• [WORK INSTRUCTION]: Repeat nothing but the line containing "Otiorhynchus siciliano" and the lines that follow it, up to and including the last line of the data below.

• [GIVEN ENTRIES]:

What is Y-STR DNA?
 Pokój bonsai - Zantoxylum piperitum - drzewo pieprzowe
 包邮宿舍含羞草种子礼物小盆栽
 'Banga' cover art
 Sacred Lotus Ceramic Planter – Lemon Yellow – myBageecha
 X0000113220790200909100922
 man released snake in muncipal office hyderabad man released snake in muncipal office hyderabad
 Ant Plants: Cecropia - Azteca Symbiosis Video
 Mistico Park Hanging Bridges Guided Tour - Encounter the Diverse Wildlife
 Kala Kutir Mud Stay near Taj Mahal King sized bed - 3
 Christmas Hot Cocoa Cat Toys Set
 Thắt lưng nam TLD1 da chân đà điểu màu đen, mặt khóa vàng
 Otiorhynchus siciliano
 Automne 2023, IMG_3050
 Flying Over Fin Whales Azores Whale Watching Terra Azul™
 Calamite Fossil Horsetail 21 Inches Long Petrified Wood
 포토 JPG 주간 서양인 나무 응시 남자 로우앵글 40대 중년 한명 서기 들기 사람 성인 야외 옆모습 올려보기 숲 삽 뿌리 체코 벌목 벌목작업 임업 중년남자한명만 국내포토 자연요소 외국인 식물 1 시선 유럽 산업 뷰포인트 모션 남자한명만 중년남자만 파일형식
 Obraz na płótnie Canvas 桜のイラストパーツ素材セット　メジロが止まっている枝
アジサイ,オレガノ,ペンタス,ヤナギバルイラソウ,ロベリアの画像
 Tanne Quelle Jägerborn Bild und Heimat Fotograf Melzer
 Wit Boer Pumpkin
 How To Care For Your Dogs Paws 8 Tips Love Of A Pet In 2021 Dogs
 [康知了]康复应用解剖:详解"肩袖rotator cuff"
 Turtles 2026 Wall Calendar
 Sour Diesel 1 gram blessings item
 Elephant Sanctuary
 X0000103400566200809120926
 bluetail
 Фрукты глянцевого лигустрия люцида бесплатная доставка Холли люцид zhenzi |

• [OUTPUT FOR THIS EXERCISE]:
 Otiorhynchus siciliano
 Automne 2023, IMG_3050
 Flying Over Fin Whales Azores Whale Watching Terra Azul™
 Calamite Fossil Horsetail 21 Inches Long Petrified Wood
 포토 JPG 주간 서양인 나무 응시 남자 로우앵글 40대 중년 한명 서기 들기 사람 성인 야외 옆모습 올려보기 숲 삽 뿌리 체코 벌목 벌목작업 임업 중년남자한명만 국내포토 자연요소 외국인 식물 1 시선 유럽 산업 뷰포인트 모션 남자한명만 중년남자만 파일형식
 Obraz na płótnie Canvas 桜のイラストパーツ素材セット　メジロが止まっている枝
アジサイ,オレガノ,ペンタス,ヤナギバルイラソウ,ロベリアの画像
 Tanne Quelle Jägerborn Bild und Heimat Fotograf Melzer
 Wit Boer Pumpkin
 How To Care For Your Dogs Paws 8 Tips Love Of A Pet In 2021 Dogs
 [康知了]康复应用解剖:详解"肩袖rotator cuff"
 Turtles 2026 Wall Calendar
 Sour Diesel 1 gram blessings item
 Elephant Sanctuary
 X0000103400566200809120926
 bluetail
 Фрукты глянцевого лигустрия люцида бесплатная доставка Холли люцид zhenzi |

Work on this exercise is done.